### GIVEN INFORMATION
[Start of Attachment]
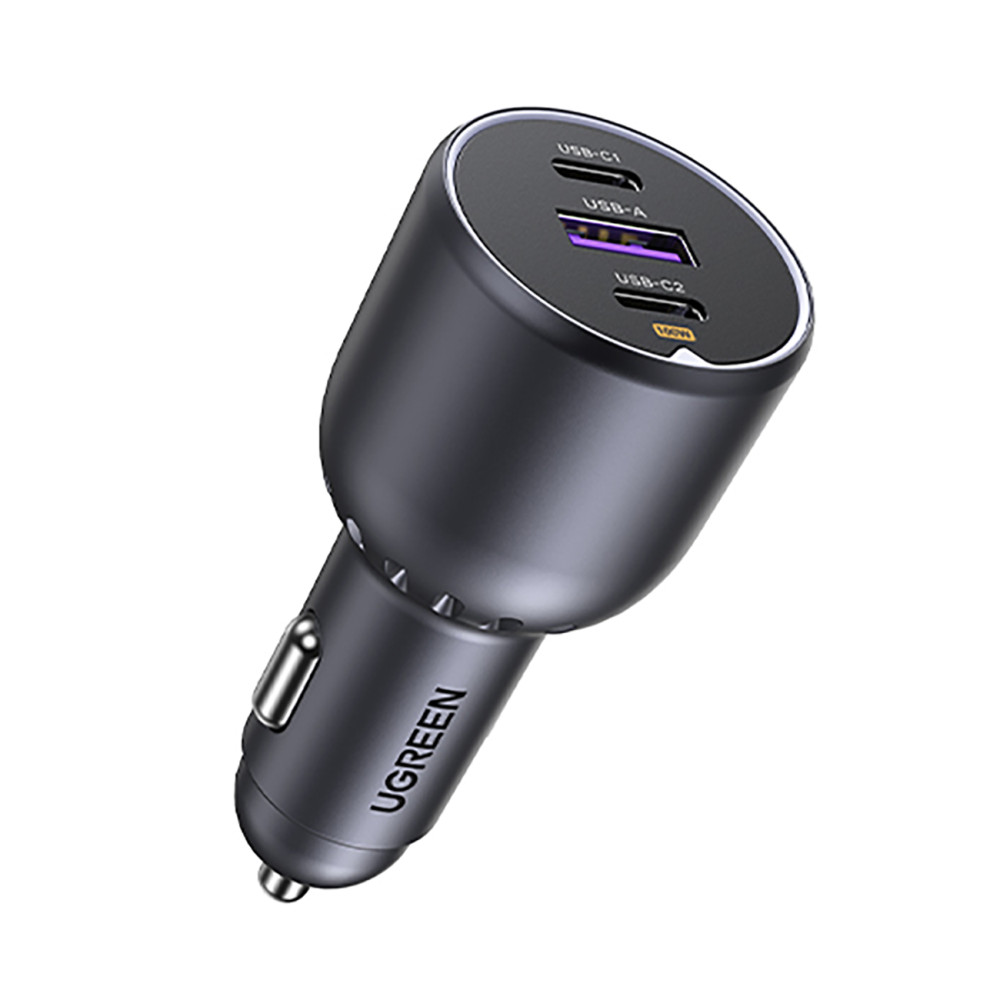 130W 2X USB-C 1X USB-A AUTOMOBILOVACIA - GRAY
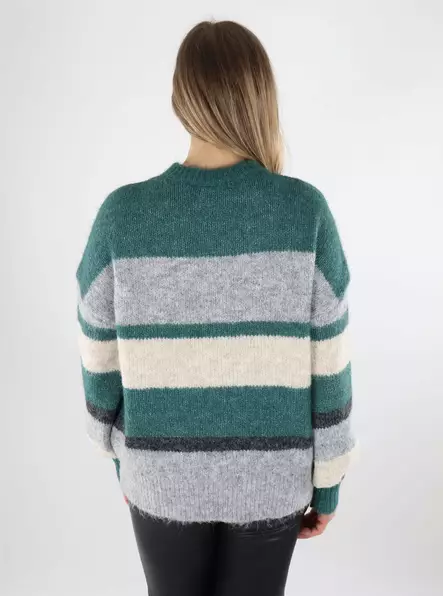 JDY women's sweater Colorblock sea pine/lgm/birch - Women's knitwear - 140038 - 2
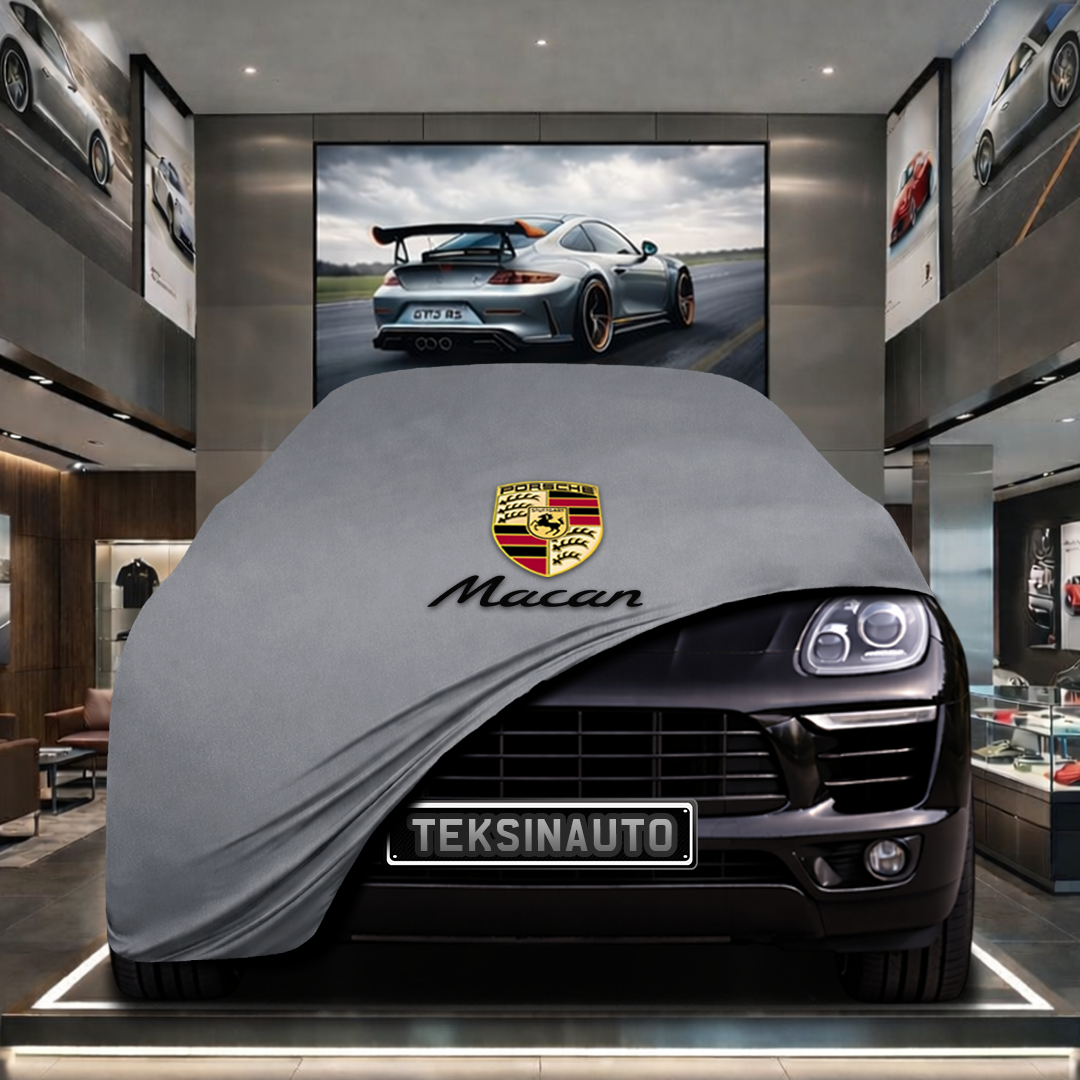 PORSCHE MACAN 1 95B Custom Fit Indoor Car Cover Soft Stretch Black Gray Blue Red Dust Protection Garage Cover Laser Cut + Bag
[End of Attachment]
### WORK TO BE COMPLETED
Give back the material above exactly, with each picture removed.

### RESPONSE TO THIS TASK
 130W 2X USB-C 1X USB-A AUTOMOBILOVACIA - GRAY
 JDY women's sweater Colorblock sea pine/lgm/birch - Women's knitwear - 140038 - 2
 PORSCHE MACAN 1 95B Custom Fit Indoor Car Cover Soft Stretch Black Gray Blue Red Dust Protection Garage Cover Laser Cut + Bag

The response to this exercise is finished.